When it is somehow satisfied by watching (usually) or acting(rare) it's pure excitement. The sight is like a nice painting or something to treasure. My body reacts initially and I just emotionally get very excited. It makes me have more passionate aggressive urges to act and a need to escalate it. Unfortunately, I can give in before thinking and I've accidentally gone past limit on the whim. I immediately was like "oh my god i'm an asshole," and never repeated it. And even cried once cos I felt really bad, but it wasnt like an actual harmful thing. I just overreacted and my partner was like "yo, it's fine. Chill"

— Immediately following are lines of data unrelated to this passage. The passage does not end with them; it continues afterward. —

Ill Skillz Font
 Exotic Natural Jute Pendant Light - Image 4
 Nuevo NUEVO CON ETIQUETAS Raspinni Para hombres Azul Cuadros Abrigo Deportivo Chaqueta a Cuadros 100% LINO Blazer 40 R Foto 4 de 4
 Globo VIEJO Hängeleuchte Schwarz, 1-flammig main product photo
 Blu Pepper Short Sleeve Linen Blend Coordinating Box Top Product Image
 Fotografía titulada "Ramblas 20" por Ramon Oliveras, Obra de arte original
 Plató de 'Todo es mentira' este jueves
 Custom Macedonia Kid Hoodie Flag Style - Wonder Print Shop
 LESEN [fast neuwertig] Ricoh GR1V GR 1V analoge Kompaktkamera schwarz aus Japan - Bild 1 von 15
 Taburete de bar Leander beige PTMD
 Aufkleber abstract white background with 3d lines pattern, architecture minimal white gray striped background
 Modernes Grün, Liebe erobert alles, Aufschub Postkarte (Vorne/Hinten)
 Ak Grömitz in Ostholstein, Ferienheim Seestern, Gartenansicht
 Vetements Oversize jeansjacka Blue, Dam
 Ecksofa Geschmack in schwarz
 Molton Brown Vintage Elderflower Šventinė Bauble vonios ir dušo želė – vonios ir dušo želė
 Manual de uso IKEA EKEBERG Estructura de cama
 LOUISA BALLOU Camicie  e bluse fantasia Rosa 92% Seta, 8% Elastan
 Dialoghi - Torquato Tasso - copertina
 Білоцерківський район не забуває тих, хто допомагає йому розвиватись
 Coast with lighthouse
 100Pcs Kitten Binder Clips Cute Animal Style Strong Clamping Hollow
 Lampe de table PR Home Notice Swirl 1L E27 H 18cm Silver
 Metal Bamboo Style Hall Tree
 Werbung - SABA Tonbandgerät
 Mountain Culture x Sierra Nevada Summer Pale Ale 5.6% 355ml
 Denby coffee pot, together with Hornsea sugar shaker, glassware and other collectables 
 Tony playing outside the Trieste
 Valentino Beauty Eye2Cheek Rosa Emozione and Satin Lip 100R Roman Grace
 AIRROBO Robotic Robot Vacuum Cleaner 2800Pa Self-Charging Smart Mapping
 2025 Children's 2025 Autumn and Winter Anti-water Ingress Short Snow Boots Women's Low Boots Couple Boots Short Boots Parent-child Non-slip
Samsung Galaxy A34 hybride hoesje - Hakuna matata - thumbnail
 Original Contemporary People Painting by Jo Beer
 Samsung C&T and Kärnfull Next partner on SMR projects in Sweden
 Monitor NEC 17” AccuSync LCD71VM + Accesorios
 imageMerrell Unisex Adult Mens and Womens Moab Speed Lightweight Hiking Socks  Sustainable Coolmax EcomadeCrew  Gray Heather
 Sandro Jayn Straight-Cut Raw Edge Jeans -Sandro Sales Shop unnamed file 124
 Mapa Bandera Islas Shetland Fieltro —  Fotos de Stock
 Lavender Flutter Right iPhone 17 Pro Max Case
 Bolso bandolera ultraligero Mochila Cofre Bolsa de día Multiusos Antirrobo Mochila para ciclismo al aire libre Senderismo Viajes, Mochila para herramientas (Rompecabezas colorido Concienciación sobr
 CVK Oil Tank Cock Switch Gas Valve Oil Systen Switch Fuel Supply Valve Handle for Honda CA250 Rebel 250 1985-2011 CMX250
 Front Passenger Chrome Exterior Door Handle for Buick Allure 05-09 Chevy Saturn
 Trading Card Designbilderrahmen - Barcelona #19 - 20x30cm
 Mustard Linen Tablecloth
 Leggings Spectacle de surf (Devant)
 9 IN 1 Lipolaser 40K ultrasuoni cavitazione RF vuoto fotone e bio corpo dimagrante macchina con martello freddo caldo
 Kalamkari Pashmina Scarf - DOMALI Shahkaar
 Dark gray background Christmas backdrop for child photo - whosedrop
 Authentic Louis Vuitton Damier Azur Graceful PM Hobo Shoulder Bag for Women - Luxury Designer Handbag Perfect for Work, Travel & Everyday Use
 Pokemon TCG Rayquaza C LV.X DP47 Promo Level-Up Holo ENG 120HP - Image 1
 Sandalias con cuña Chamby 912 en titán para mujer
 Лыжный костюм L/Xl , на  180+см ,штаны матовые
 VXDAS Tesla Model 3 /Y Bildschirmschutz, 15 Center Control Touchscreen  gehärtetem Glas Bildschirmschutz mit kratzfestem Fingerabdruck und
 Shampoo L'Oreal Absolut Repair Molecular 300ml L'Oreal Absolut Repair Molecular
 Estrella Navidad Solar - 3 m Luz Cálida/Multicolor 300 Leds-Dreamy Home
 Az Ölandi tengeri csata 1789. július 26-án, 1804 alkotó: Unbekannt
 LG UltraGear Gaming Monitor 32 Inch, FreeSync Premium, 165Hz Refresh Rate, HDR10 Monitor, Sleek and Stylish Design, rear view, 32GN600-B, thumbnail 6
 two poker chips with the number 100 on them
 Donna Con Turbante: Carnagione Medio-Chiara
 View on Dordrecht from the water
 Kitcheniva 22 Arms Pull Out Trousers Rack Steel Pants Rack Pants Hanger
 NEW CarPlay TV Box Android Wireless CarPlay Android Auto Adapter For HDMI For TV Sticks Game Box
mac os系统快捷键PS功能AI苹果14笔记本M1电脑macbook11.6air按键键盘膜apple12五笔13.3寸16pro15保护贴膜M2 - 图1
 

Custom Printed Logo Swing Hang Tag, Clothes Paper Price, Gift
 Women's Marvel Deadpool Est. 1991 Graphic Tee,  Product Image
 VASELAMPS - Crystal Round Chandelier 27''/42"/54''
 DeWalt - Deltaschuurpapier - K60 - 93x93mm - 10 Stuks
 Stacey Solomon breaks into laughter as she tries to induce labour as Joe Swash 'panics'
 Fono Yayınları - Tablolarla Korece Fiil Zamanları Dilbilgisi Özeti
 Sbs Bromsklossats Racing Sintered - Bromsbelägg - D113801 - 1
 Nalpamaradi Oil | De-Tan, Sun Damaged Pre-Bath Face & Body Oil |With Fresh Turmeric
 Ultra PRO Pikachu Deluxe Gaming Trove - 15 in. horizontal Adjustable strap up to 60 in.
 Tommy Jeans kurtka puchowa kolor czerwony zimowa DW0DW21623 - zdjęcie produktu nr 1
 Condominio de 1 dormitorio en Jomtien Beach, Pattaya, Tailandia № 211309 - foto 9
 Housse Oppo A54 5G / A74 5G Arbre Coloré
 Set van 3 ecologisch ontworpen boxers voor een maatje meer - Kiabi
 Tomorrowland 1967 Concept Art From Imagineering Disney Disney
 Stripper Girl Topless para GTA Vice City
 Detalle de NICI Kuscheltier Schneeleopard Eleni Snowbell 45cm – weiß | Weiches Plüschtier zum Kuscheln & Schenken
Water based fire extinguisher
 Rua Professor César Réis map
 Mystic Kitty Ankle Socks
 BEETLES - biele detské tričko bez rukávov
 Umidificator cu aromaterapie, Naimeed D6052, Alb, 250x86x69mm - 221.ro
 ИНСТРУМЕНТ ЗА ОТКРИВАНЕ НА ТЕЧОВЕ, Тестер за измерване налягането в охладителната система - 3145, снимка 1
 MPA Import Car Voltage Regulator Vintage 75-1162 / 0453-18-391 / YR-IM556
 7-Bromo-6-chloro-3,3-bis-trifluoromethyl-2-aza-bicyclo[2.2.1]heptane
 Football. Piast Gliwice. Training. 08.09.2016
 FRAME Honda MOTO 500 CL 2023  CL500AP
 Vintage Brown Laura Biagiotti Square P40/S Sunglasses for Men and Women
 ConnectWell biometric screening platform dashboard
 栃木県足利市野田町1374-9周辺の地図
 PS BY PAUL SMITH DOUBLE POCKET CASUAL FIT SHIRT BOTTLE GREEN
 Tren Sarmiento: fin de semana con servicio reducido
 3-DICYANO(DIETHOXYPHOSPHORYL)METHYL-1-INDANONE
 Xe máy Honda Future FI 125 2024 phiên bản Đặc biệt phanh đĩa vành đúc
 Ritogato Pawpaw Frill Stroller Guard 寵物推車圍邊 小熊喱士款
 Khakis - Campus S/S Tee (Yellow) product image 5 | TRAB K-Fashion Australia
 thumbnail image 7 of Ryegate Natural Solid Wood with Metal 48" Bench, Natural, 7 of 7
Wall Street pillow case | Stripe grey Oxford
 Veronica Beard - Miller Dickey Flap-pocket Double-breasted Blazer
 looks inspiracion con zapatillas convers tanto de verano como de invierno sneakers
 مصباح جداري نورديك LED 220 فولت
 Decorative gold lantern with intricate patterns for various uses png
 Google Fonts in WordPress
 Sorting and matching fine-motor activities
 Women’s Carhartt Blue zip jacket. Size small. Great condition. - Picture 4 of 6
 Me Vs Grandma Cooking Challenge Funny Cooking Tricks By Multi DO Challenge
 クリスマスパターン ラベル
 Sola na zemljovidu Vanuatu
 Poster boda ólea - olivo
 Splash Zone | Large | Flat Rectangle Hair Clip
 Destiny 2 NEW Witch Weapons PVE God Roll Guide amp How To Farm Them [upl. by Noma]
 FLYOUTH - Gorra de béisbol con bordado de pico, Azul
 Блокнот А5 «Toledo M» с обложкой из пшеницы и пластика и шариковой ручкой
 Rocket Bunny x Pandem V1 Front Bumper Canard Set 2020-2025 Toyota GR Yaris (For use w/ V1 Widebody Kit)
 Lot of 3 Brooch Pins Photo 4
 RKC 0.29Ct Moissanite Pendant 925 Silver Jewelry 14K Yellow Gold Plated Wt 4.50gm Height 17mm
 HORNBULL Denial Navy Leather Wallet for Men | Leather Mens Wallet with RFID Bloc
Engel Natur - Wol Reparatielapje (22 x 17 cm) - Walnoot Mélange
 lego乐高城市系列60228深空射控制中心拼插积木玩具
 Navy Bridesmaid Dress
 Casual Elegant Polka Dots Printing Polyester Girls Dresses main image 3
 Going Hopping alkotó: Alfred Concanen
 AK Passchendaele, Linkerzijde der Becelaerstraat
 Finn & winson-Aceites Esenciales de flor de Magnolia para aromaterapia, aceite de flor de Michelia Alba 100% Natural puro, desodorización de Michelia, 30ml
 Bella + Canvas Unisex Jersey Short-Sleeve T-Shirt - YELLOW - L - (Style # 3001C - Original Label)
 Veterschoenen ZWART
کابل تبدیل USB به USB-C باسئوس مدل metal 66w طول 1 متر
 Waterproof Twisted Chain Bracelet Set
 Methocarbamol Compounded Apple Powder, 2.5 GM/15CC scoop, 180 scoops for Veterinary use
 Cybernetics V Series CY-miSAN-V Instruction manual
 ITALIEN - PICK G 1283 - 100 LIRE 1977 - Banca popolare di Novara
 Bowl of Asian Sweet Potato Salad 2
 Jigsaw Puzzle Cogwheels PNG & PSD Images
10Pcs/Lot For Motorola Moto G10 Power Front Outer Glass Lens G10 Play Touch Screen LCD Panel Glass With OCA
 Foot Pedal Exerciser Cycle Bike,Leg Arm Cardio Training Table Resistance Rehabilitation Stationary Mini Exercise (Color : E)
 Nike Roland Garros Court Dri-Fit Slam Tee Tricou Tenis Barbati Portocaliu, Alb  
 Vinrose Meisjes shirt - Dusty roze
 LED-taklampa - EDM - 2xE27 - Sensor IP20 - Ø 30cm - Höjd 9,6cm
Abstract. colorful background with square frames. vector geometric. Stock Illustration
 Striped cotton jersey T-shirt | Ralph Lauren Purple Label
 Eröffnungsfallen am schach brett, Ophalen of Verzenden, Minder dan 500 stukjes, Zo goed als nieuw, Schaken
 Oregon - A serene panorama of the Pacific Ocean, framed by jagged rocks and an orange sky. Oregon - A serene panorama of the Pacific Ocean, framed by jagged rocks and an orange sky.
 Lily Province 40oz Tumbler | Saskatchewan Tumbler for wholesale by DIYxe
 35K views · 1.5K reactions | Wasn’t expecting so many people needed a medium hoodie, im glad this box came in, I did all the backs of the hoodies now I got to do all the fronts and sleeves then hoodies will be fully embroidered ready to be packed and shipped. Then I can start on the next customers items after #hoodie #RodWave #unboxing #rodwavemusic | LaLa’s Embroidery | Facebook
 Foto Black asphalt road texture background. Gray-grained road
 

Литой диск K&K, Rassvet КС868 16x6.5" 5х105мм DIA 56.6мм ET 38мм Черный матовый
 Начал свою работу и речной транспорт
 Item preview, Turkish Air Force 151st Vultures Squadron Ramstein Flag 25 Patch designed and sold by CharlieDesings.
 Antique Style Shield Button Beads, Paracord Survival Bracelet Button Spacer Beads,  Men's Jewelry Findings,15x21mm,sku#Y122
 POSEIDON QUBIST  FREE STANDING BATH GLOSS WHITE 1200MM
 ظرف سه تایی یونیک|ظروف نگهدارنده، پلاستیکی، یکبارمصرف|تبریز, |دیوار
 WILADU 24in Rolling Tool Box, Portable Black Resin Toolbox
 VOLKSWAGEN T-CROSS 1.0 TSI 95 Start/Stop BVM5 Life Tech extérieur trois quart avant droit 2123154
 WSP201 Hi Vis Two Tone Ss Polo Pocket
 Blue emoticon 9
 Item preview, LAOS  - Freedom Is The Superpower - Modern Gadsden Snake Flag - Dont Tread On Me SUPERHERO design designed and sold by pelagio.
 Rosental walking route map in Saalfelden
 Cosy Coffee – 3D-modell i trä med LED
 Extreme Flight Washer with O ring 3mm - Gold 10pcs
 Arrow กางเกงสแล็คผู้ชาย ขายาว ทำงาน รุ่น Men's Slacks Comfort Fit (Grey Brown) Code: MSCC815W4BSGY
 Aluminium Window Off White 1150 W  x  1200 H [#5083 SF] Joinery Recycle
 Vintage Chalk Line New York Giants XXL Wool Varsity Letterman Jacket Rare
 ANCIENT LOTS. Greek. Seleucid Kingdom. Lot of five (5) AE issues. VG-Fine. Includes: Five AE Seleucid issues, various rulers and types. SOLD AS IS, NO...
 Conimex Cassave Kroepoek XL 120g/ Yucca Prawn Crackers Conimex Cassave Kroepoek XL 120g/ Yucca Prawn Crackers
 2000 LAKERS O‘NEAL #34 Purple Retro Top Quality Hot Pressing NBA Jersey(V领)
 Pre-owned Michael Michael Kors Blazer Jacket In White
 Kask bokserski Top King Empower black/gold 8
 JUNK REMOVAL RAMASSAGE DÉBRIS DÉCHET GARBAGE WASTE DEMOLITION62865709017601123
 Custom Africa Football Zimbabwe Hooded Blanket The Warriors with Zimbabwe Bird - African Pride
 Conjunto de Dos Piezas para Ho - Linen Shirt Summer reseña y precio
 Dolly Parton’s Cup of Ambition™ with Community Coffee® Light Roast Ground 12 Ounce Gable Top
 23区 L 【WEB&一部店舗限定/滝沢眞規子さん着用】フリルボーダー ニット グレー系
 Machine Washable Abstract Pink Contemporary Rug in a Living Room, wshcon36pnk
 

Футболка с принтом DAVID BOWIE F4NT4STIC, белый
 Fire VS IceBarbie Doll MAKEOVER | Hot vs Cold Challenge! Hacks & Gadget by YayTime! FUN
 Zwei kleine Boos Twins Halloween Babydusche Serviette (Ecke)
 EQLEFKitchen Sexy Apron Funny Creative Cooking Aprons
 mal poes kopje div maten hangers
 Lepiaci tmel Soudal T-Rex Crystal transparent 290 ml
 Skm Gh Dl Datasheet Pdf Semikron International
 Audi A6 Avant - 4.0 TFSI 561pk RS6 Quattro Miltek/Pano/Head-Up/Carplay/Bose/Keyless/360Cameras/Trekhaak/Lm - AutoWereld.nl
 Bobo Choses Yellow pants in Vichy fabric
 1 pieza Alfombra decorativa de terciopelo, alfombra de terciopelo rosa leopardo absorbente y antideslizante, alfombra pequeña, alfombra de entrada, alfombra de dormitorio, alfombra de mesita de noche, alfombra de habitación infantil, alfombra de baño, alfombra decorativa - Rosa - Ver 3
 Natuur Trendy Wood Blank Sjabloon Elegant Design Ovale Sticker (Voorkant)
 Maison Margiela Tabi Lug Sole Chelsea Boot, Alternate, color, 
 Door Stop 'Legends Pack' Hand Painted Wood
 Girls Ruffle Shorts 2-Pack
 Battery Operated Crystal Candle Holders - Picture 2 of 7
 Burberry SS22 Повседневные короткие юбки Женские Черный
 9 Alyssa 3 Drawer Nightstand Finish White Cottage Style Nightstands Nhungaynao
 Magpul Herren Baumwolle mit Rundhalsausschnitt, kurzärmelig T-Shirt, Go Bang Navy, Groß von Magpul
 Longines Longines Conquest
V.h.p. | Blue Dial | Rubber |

It get aroused most easily when seeing or fantasizing about pain. In deep fantasy or watching, my abdomen gets really tight with this sharp hot sensation that goes from my low abdomen to the U of my ribcage. Sometimes it's like a mini orgasm, and I have to repress a verbal reaction. Sometimes my body sort of reacts even when I dont view it as necessarily sexual, which is odd. I'm gay but sometimes my body reacts to pain of the opposite sex just because it's pain. As long as I dont sense they enjoy it, I like it. If the opposite sex makes it sexual it really grosses me out. My sadism has no gender preference as long as any pain I witness done to the opposite sex is asexual for them (ie: a person on a show getting branded and screaming will make my body react and get me excited, but it's asexual for that person, so it doesnt gross me out).

Sometimes it feels like i'm just so excited and manic with this need to be compulsive that I cannot contain myself. Obviously, I contain myself but I have to like fix it and work it out eventually or i'll be very pacey and restless.

When I am able to let go and act on my urges, it feels like this huge weight was lifted and it's so cathartic.

Sometimes I also feel a weird pride in being so creatively fucked up and take pride in being able to scare someone. It makes my heart warm and makes me smile a lot.